図1との違いは、かご上に、表示器40と、エレベータかご2を点検運転モードで手動で昇降操作させるコントロールユニット70と、点検運転モードの際に上昇運転を手動操作で可能とするアップ釦71と、下降運転を手動操作で可能とするダウン釦72とを備えていることである。アップ釦71が入力されている間、制御装置4の入力部端子Bi7へ入力が入り、点検運転モードとなっている条件で、出力部端子Bo7からの信号により、エレベータかご2を低速で上昇させる低速上昇運転モードへ移行する。ダウン釦72からの信号が入力された場合、制御装置4の入力部端子Bi8へダウン運転信号“1”が入力され、点検運転モードとなっている条件で、出力部端子Bo8からの信号により、エレベータかご2を低速で下降させる低速下降運転モードへ移行する。
【0046】
運転モードが停止運転モードの場合は、アップ釦71、ダウン釦72が入力され、制御装置4の入力部端子Bi7又はBi8へ信号が入力されるが、出力部端子Bo7及びBo8からの信号出力を不可とする。これにより昇降運転は不可となる。停止運転モードとする入力部端子Bi2へ信号が入力されている条件下で、アップ釦71又はダウン釦72が押された場合は、出力部端子Bo9から表示器信号が出力される。
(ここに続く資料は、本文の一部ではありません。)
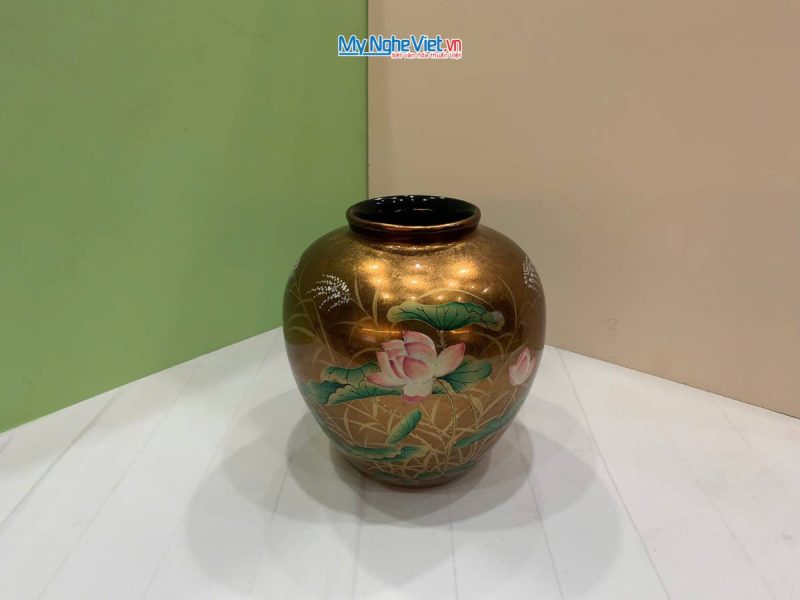 Lọ Hoa Đắp Nổi phù điêu sen vàng đồng LHSMDH22-2.1 - Ảnh 3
出力された信号は表示器40を点灯させ、例えば赤色のランプの点灯により、現在、“運転停止モード”であることを周知する。
【0047】
また、運転モードが“点検運転モード”の場合は、アップ釦71又はダウン釦72が入力されると、出力部端子Bo10から表示器信号が出力される。出力された信号は表示器40を点灯させ、例えば緑色のランプの点灯により、現在、“点検運転モード”であることを周知する。
【0048】
すなわち、出力部端子Bo2から運転停止モード信号が出力されている間、入力部端子Bi7からアップ運転信号が入力又は入力部端子Bi8からダウン運転信号が入力されても、出力部端子Bo9からは“運転停止モード”である旨の表示器信号が出力される。他方、出力部端子Bo1から点検運転モード信号が出力されている間、入力部端子Bi7からアップ運転信号が入力又は入力部端子Bi8からダウン運転信号が出力されても、出力部端子Bo10からは“点検運転モード”である旨の表示器信号が出力される。
【0049】
このように第4実施形態によれば、現在の運転モードが通常運転モード、点検運転モード及び運転停止モードの少なくとも何れであるかを表示することができる。その結果、かご上2aで作業している保守作業員12は、現在の運転モードを正しく認識することが可能となり、誤作業の発生を防止することができる。
【0050】
<他の実施形態>
前述した実施形態では、フックスイッチ19として、
図5に示すようなばね式のスイッチを使用したが、これに限られない。図示は省略するが、例えば、安全帯フック16の内側に面圧センサを設け、この面圧センサによる検出信号を使うことで、安全帯フック16がかご上の所定の位置に掛けられているかどうかの判断するようにしてもよい。すなわち、かご上2aの所定の位置に安全帯フック16を引っ掛けると面圧部にフックの自重で圧力が加わる。面圧センサは抵抗値が減少し、印加している電圧値が閾値を超えると、安全帯フック16がかご上2aの所定の位置に掛けられていると判断することが可能となる。面圧センサの信号が設定した閾値を超えている場合は、安全帯フック16が掛けられていると判断し、安全帯信号送信機18から前述した「安全帯閉信号」を安全帯信号受信機10へ送信し、受信した信号は制御装置4の入力部端子Bi3へ入力され、出力部端子Bo1により、“点検運転モード”とする。面圧センサの信号が閾値を超えていない場合は、安全帯フックが外されていると判断し、安全帯信号送信機18から前記「安全帯開信号」を安全帯信号受信機10へ送信し、受信した信号は制御装置4の入力部端子Bi4へ入力され、出力部端子Bo2により“運転停止モード”とする。また、振動等による面圧センサの圧力変化により不用意に運転停止モードへ切り替わるのを防止する手法としては、数秒の遅延回路を設けることで回避可能である。
【0051】
以上、本発明のいくつかの実施形態を説明したが、これらの実施形態は、例として提示したものであり、発明の範囲を限定することは意図していない。これら新規な実施形態は、その他の様々な形態で実施されることが可能であり、発明の要旨を逸脱しない範囲で、種々の省略、置き換え、変更を行うことができる。これら実施形態やその変形は、発明の範囲や要旨に含まれるとともに、特許請求の範囲に記載された発明とその均等の範囲に含まれる。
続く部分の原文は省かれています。